Sunday, May 28, 2006

9:11 AM

On the suggestion of John Lam, I bought Jeff Hawkins’ book On Intelligence and pretty much read it through in one sitting. That was possible because it’s a very accessible book and also because, to a large extent, I was already exposed and sympathetic to the grand themes: minds are what brains do; pattern recognition, association, and prediction is close, if not indistinguishable, from “intelligence;”and the brain’s mechanisms for doing such things are based on highly interconnected hierarchies of localized neuronal structures that exhibit “fire together, wire together,” reinforcement / learning. (For those interested in such things, it should be noted early that Hawkins punts on the problems of qualia, so as far as I am aware, that debate still ends with Dennett and Searle.)

 

Hawkins biggest hypothesis, though, is one that I find intriguing but far from self-evident: that a single algorithm that produces “predictive ability [from] a hierarchical memory,” is sufficient to achieve intelligence. Hawkins was a founder of Palm and Handspring and I was surprised that On Intelligence is rested on the structure of the neocortex and not on computational structures.

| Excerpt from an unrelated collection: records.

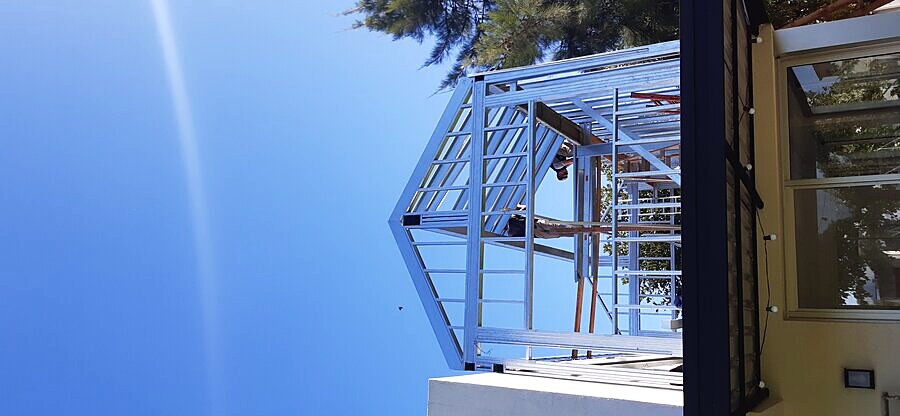 Estructura en montaje, Talar del Lago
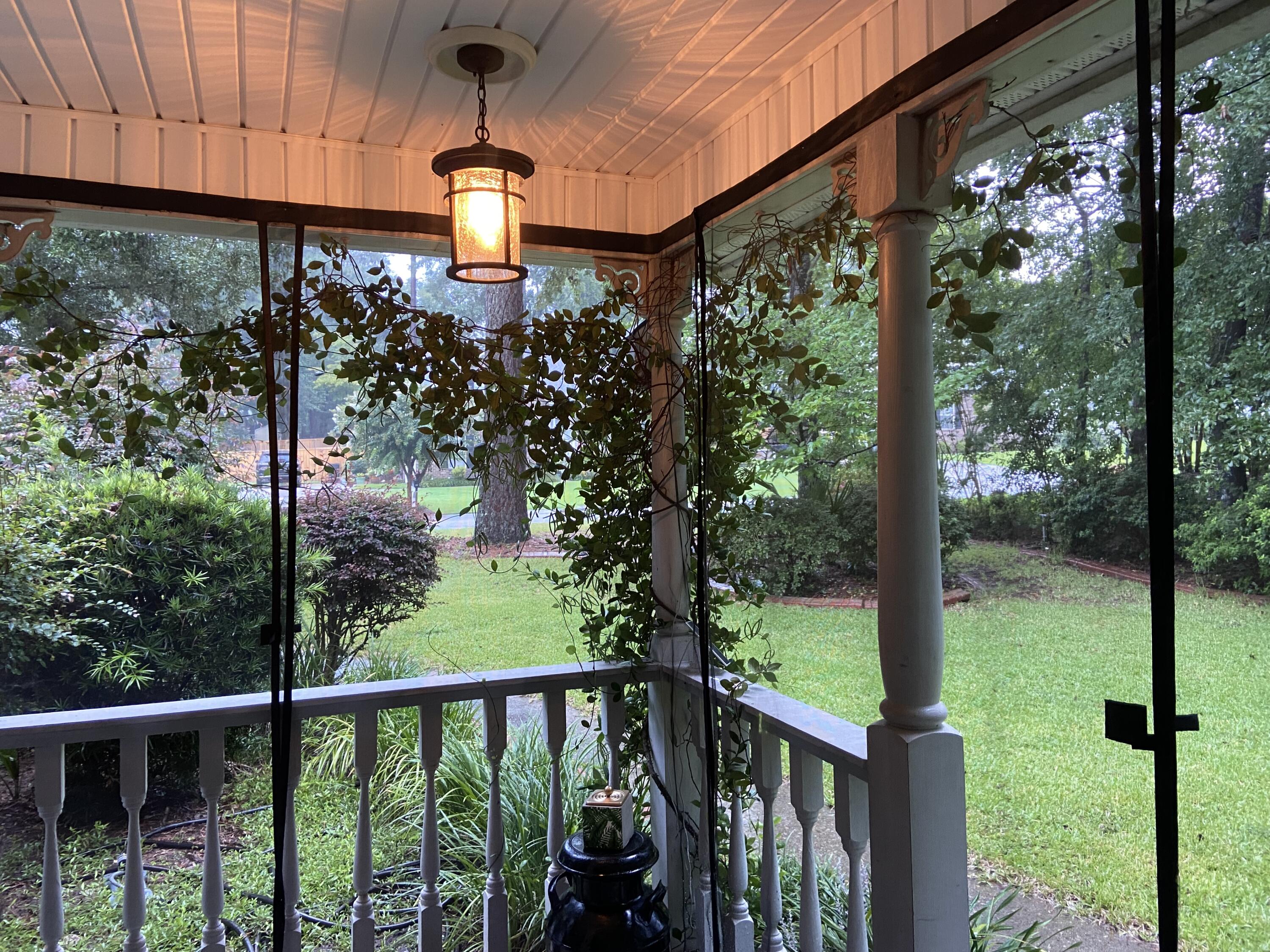 306 Black Oak Boulevard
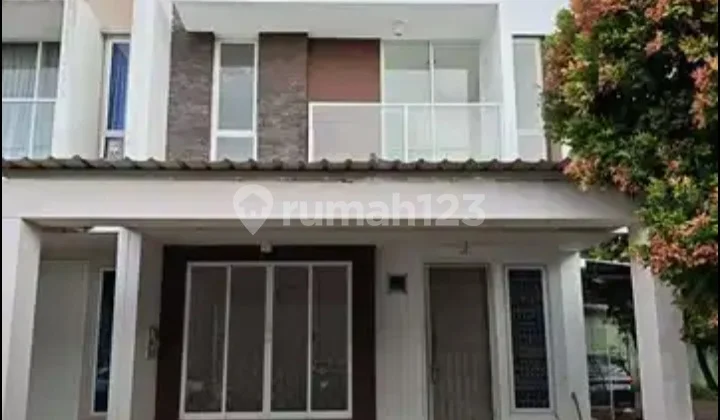 Disewakan Rumah Hook 2 Lantai di Duri Kosambi Jakarta Barat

Of course, a premise is that the neural structures he talks about are computational, and he presents his theory in terms of a few block diagrams, but the book is several steps away from presenting the source code, as it were.

 

This is a little disappointing, because Hawkins’ hypothesis could be tested with relatively easy computational experiments. That the human brain has a gazillion neurons and a bazillion interconnections is largely irrelevant if the phenomena that Hawkins claims arise from relatively small collections of neurons. A testbed that maps well into Hawkins theories is the world of “complete information, zero-sum, binary placement gridded games.” Tic-Tac-Toe, Reverise/Othello, and Go are all this type of game: they all take place on a grid and involve sequential placement of opposing symbols. Unlike Poker, there’s no hidden knowledge or probability issues; winning is binary; and unlike Chess or Checkers, you don’t have to understand movement. A “play” is the changing of a position from an indeterminate state to a determinate one and the consequences of that play. Helpfully, Tic-Tac-Toe is close to trivial and Go is computationally more difficult than Chess. Any model that could solve Tic-Tac-Toe and simple be scaled to Go would be an incredible triumph.

 

And although we probably don’t have much insight into what Hawkins’ theories predict for the form of a Go-solving intelligence, they are testable with Tic-Tac-Toe. It should be straightforward to create a “cortextlike memory system” whose “sensory inputs” are Tic-Tac-Toe placement sequences. So, for instance, a blank grid followed by an X in the upper-left and then an O in the lower-right might be encoded as: “??? ??? ???, X?? ??? ???, X?? ??? ??O”. If Hawkins’ model is correct, then one would expect certain things to be emergent in the self-organizing higher-levels of his hierarchies. Note that we are not testing the ability of a connectionist system to play Tic-Tac-Toe (Tic-Tac-Toe is possible to “solve” with a traditional neural net approach, Go is almost certainly not). Specifically, it follows from Hawkins’ theories that in Tic-Tac-Toe, if the first play is to a corner then a single high-level component should be responsible for “expecting” play to the opposite corner — no matter which corner is initially played  even if the system has never been exposed to play from a particular corner. Optimal play in Tic-Tac-Toe is very straightforward and recognizable, rotational equivalence is trivial compared to the types of sensory interpolation the book asserts are explainable, and yet, it is not self-evident that Hawkins’ model will pass such a test.

 

The book has a companion site at OnIntelligence.org — I just posted a similar comment to the above paragraph, we’ll have to see if anything comes of it.